The electromagnetic stress–energy tensor in terms of the displacement is:

$${\displaystyle T_{\alpha }{}^{\pi }=F_{\alpha \beta }{\mathcal{D}}^{\pi \beta }-\frac{1}{4}{\delta }_{\alpha }^{\pi }{F}_{\mu \nu }{\mathcal{D}}^{\mu \nu },}$$

where δ_α^π is the Kronecker delta. When the upper index is lowered with η, it becomes symmetric and is part of the source of the gravitational field.

Linear, nondispersive matter

Lagrangian for classical electrodynamics

Vacuum

The Lagrangian density for classical electrodynamics is composed by two components: a field component and a source component:

$${\displaystyle \mathcal{L}={\mathcal{L}}_{\text{field}}+{\mathcal{L}}_{\text{int}}=-\frac{1}{4{\mu }_0}{F}^{\alpha \beta }{F}_{\alpha \beta }-A_{\alpha }{J}^{\alpha }.}$$

In the interaction term, the four-current should be understood as an abbreviation of many terms expressing the electric currents of other charged fields in terms of their variables; the four-current is not itself a fundamental field.

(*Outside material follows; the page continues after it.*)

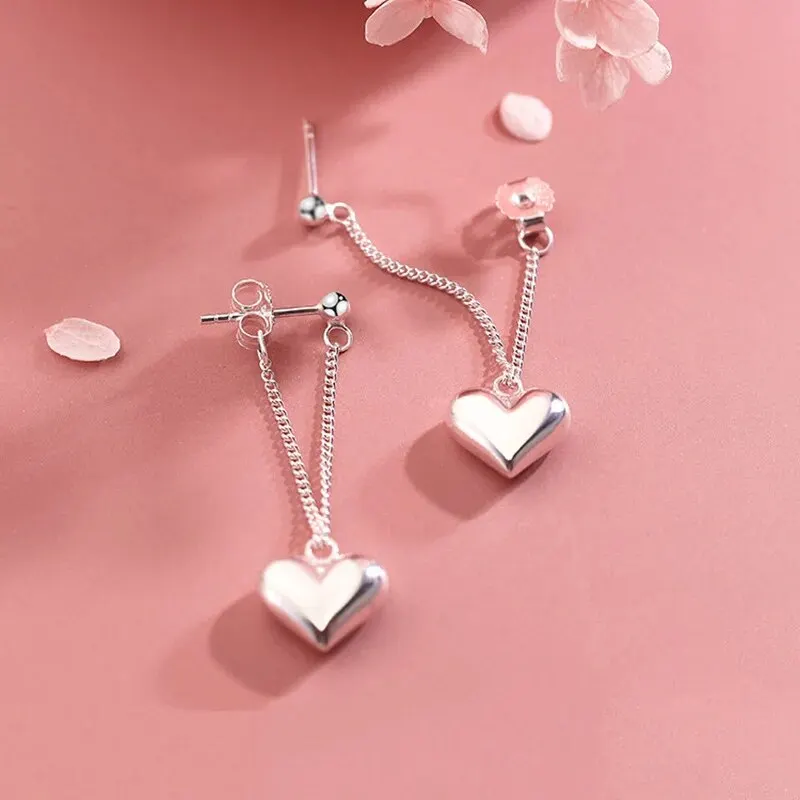 Boucles d'Oreilles Anciennes en Forme de Cœur Géométrique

The Lagrange equations for the electromagnetic lagrangian density ${\displaystyle \mathcal{L}\left(A_{\alpha },{\mathrm{\partial }}_{\beta }{A}_{\alpha }\right)}$ can be stated as follows:

$${\displaystyle {\mathrm{\partial }}_{\beta }\left[\frac{\mathrm{\partial }\mathcal{L}}{\mathrm{\partial }({\mathrm{\partial }}_{\beta }{A}_{\alpha })}\right]-\frac{\mathrm{\partial }\mathcal{L}}{\mathrm{\partial }{A}_{\alpha }}=0.}$$

Noting

$${\displaystyle \begin{array}{rl}{F}^{\lambda \sigma }& =F_{\mu \nu }{\eta }^{\mu \lambda }{\eta }^{\nu \sigma },\\ F_{\mu \nu }& ={\mathrm{\partial }}_{\mu }{A}_{\nu }-{\mathrm{\partial }}_{\nu }{A}_{\mu }\\ \frac{\mathrm{\partial }\left({\mathrm{\partial }}_{\mu }{A}_{\nu }\right)}{\mathrm{\partial }\left({\mathrm{\partial }}_{\rho }{A}_{\sigma }\right)}& ={\delta }_{\mu }^{\rho }{\delta }_{\nu }^{\sigma }\end{array}}$$

the expression inside the square bracket is

$${\displaystyle \begin{array}{rl}\frac{\mathrm{\partial }\mathcal{L}}{\mathrm{\partial }({\mathrm{\partial }}_{\beta }{A}_{\alpha })}& =-\frac{1}{4{\mu }_0}\frac{\mathrm{\partial }\left(F_{\mu \nu }{\eta }^{\mu \lambda }{\eta }^{\nu \sigma }{F}_{\lambda \sigma }\right)}{\mathrm{\partial }\left({\mathrm{\partial }}_{\beta }{A}_{\alpha }\right)}\\ & =-\frac{1}{4{\mu }_0}{\eta }^{\mu \lambda }{\eta }^{\nu \sigma }\left(F_{\lambda \sigma }\left({\delta }_{\mu }^{\beta }{\delta }_{\nu }^{\alpha }-{\delta }_{\nu }^{\beta }{\delta }_{\mu }^{\alpha }\right)+F_{\mu \nu }\left({\delta }_{\lambda }^{\beta }{\delta }_{\sigma }^{\alpha }-{\delta }_{\sigma }^{\beta }{\delta }_{\lambda }^{\alpha }\right)\right)\\ & =-\frac{F^{\beta \alpha }}{{\mu }_0}.\end{array}}$$

The second term is

$${\displaystyle \frac{\mathrm{\partial }\mathcal{L}}{\mathrm{\partial }{A}_{\alpha }}=-J^{\alpha }.}$$

Therefore, the electromagnetic field's equations of motion are

$${\displaystyle \frac{\mathrm{\partial }{F}^{\beta \alpha }}{\mathrm{\partial }{x}^{\beta }}={\mu }_0{J}^{\alpha }.}$$

which is the Gauss–Ampère equation above.